这些数字代表零样本性能，因为训练数据中未包含这些数据集的数据。请注意，标题中不含 "-c" 的模型进行了两次评估：一次运行未使用这 28 个数据集的任何数据，以测试纯零样本性能（对应列中的第一个数字）；最后一次运行则包含每个数据集每个类别最多 500 个训练数据点（对应列中括号内的第二个数字，即“少样本”）。所有模型均未在测试数据上进行训练。

不同数据集的详细信息可在此处获取：https://github.com/MoritzLaurer/zeroshot-classifier/blob/main/v1_human_data/datasets_overview.csv

何时使用何种模型

deberta-v3-zeroshot 与 roberta-zeroshot：deberta-v3 的性能明显优于 roberta，但速度稍慢。roberta 直接兼容 Hugging Face 的生产推理 TEI 容器和 flash attention。这些容器是生产用例的理想选择。简而言之：若追求准确性，使用 deberta-v3 模型。如果生产推理速度是关注点，可考虑 roberta 模型（例如在 TEI 容器和 HF Inference Endpoints 中使用）。
商业用例：标题中带有“-c”的模型保证仅使用商业友好型数据进行训练。不带“-c”的模型训练数据更多，性能更优，但包含具有非商业许可的数据。对于训练数据是否会影响训练后模型的许可，法律意见存在分歧。对于有严格法律要求的用户，建议使用标题中带有“-c”的模型。
多语言/非英语用例：使用 bge-m3-zeroshot-v2.0 或 bge-m3-zeroshot-v2.0-c。请注意，多语言模型的性能不如仅支持英语的模型。因此，您也可以先使用 EasyNMT 等库将文本机器翻译为英语，然后对翻译后的数据应用任何仅支持英语的模型。如果您的团队并非通晓数据中的所有语言，机器翻译还有助于进行验证。
上下文窗口：bge-m3 模型最多可处理 8192 个 token。其他模型最多可处理 512 个 token。请注意，较长的文本输入会降低模型速度并影响性能，因此如果您处理的文本长度最多为 400 词左右/1 页，建议使用如 deberta 模型以获得更好的性能。
有关新模型的最新更新，可随时在 Zeroshot Classifier Collection 中查看。

复现

复现代码可在以下链接的 v2_synthetic_data 目录中获取：https://github.com/MoritzLaurer/zeroshot-classifier/tree/main

局限性与偏差

该模型仅能执行文本分类任务。

偏差可能来源于底层基础模型、人工 NLI 训练数据以及由 Mixtral 生成的合成数据。

许可证

基础模型以 MIT 许可证发布。训练数据的许可证因模型而异，详见上文。

引用

本模型是对本论文中所述研究的扩展。

如果您在学术研究中使用本模型，请引用：

@misc{laurer_building_2023,
	title = {Building {Efficient} {Universal} {Classifiers} with {Natural} {Language} {Inference}},
	url = {http://arxiv.org/abs/2312.17543},
	doi = {10.48550/arXiv.2312.17543},
	abstract = {Generative Large Language Models (LLMs) have become the mainstream choice for fewshot and zeroshot learning thanks to the universality of text generation. Many users, however, do not need the broad capabilities of generative LLMs when they only want to automate a classification task.

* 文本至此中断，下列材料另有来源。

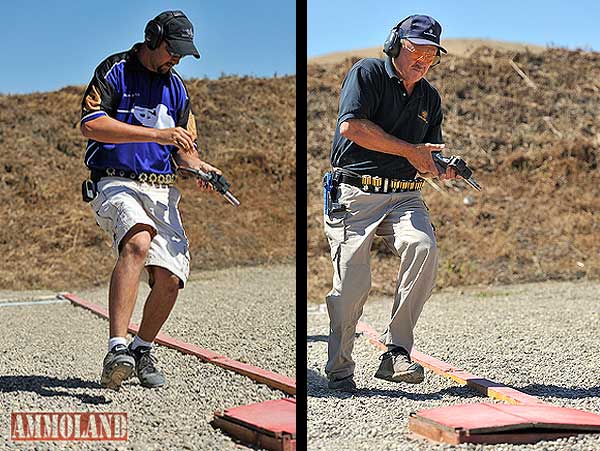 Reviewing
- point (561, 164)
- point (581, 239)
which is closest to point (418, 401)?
point (581, 239)

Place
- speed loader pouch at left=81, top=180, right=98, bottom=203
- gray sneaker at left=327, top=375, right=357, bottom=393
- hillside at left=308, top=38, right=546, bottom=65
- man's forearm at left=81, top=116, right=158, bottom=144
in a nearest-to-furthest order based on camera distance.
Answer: man's forearm at left=81, top=116, right=158, bottom=144
speed loader pouch at left=81, top=180, right=98, bottom=203
gray sneaker at left=327, top=375, right=357, bottom=393
hillside at left=308, top=38, right=546, bottom=65

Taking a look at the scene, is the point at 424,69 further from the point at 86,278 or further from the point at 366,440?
the point at 86,278

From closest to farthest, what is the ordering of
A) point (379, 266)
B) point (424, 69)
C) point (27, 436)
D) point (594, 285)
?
point (27, 436)
point (424, 69)
point (594, 285)
point (379, 266)

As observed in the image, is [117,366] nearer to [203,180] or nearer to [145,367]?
[145,367]

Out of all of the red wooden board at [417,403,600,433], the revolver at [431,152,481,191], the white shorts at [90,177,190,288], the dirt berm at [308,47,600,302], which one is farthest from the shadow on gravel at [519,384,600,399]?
the dirt berm at [308,47,600,302]

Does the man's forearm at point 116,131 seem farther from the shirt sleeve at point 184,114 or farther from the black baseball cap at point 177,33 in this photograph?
the black baseball cap at point 177,33

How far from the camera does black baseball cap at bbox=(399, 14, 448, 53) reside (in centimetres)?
386

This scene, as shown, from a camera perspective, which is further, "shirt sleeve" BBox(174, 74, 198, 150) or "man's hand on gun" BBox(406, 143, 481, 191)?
"man's hand on gun" BBox(406, 143, 481, 191)

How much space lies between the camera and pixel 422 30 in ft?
12.7

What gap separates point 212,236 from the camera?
9117mm

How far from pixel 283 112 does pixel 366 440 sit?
26.5 feet

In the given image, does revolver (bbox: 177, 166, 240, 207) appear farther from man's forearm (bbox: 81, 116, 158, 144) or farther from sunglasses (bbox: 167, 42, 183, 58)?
A: sunglasses (bbox: 167, 42, 183, 58)

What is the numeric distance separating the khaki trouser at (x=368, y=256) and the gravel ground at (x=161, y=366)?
462mm

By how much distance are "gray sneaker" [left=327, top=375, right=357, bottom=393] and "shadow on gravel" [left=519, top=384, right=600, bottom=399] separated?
0.86 metres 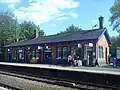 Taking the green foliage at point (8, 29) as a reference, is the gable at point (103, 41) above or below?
below

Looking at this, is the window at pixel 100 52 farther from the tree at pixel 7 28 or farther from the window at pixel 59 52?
the tree at pixel 7 28

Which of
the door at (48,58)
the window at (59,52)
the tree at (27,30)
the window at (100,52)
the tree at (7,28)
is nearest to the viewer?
the window at (100,52)

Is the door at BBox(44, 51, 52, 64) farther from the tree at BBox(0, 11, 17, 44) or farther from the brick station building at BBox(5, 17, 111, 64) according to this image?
the tree at BBox(0, 11, 17, 44)

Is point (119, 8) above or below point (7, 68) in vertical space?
above

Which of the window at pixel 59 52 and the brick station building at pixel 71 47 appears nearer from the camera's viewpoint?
the brick station building at pixel 71 47

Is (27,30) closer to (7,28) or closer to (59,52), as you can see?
(7,28)

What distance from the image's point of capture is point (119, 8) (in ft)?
225

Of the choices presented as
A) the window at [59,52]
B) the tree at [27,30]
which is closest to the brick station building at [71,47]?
the window at [59,52]

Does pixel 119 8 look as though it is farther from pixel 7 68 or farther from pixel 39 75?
pixel 39 75

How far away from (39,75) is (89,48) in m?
22.4

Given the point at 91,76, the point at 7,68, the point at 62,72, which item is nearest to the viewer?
the point at 91,76

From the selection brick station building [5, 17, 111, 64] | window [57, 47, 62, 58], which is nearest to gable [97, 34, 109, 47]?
brick station building [5, 17, 111, 64]

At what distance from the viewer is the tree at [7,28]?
81062mm

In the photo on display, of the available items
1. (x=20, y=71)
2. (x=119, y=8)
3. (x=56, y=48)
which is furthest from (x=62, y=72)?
(x=119, y=8) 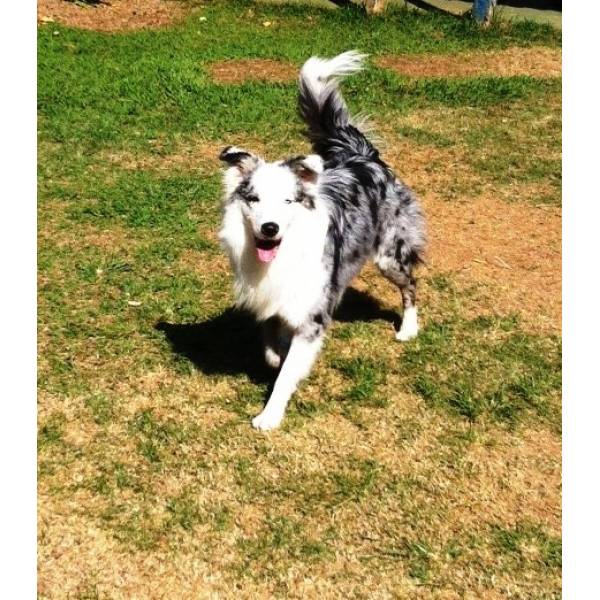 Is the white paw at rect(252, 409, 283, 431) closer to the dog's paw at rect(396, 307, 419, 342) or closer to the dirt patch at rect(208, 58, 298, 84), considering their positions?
the dog's paw at rect(396, 307, 419, 342)

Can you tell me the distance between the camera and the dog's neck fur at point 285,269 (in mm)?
3672

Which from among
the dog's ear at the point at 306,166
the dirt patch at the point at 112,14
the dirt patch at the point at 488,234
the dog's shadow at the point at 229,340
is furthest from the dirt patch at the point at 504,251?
the dirt patch at the point at 112,14

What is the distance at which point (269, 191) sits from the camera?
3.51 meters

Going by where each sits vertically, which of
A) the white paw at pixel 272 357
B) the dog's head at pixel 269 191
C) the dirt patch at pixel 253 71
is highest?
the dog's head at pixel 269 191

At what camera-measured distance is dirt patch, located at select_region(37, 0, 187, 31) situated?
40.1ft

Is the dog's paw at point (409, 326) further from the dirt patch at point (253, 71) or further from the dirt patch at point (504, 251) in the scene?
the dirt patch at point (253, 71)

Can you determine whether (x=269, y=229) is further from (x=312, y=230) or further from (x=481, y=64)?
(x=481, y=64)

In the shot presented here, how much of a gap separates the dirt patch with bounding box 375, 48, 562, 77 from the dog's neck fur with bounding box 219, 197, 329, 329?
769cm

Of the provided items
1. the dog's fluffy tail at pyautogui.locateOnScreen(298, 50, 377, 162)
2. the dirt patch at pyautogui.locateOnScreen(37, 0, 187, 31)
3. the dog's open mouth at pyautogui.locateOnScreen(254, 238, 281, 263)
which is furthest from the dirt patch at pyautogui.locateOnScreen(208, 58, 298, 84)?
the dog's open mouth at pyautogui.locateOnScreen(254, 238, 281, 263)

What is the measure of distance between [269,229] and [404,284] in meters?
1.81

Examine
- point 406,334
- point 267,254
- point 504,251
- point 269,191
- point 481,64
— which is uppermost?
point 269,191

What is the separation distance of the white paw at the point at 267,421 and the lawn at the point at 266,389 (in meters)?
0.07

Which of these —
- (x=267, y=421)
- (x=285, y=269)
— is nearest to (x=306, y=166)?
(x=285, y=269)

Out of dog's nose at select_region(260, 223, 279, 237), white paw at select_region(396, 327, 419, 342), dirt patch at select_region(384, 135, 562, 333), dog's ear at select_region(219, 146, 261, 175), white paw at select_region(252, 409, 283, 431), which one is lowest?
white paw at select_region(252, 409, 283, 431) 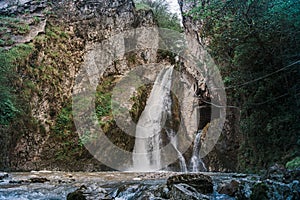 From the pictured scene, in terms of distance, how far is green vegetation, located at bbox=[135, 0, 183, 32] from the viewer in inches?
794

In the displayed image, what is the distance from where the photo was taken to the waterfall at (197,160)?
442 inches

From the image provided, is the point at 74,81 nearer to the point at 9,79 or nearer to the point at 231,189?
the point at 9,79

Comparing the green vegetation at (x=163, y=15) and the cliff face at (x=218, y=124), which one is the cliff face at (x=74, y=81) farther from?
the green vegetation at (x=163, y=15)

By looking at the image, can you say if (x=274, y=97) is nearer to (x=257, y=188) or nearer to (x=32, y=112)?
(x=257, y=188)

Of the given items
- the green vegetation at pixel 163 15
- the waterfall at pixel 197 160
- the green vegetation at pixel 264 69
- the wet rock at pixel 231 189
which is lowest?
the waterfall at pixel 197 160

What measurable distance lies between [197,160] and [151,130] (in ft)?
8.12

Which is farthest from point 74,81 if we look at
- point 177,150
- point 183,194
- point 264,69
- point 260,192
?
point 260,192

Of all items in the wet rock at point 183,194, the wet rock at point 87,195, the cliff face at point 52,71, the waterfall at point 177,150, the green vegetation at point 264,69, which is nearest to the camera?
the wet rock at point 183,194

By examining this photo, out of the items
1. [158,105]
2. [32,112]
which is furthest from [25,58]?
[158,105]

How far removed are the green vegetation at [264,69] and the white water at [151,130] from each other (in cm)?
450

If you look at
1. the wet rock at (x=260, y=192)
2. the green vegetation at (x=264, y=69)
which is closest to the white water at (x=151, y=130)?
the green vegetation at (x=264, y=69)

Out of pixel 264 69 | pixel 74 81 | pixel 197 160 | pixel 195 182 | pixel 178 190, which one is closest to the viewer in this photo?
pixel 178 190

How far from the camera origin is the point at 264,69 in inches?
287

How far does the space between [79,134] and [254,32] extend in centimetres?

Smaller BERT-like models can also learn universal tasks, which allow them to do any text classification task without requiring fine-tuning (zeroshot classification) or to learn new tasks with only a few examples (fewshot), while being significantly more efficient than generative LLMs. This paper (1) explains how Natural Language Inference (NLI) can be used as a universal classification task that follows similar principles as instruction fine-tuning of generative LLMs, (2) provides a step-by-step guide with reusable Jupyter notebooks for building a universal classifier, and (3) shares the resulting universal classifier that is trained on 33 datasets with 389 diverse classes. Parts of the code we share has been used to train our older zeroshot classifiers that have been downloaded more than 55 million times via the Hugging Face Hub as of December 2023. Our new classifier improves zeroshot performance by 9.4\%.},
	urldate = {2024-01-05},
	publisher = {arXiv},
	author = {Laurer, Moritz and van Atteveldt, Wouter and Casas, Andreu and Welbers, Kasper},
	month = dec,
	year = {2023},
	note = {arXiv:2312.17543 [cs]},
	keywords = {Computer Science - Artificial Intelligence, Computer Science - Computation and Language},
}

合作想法或疑问？

如果您有任何问题或合作想法，请通过 moritz{at}huggingface{dot}co 联系我，或访问 LinkedIn。

灵活使用与“提示”

您可以通过更改零样本管道的 hypothesis_template 来构建自己的假设。与大型语言模型（LLM）的“提示工程”类似，您可以测试不同的 hypothesis_template 表述方式和文本化类别，以提升性能。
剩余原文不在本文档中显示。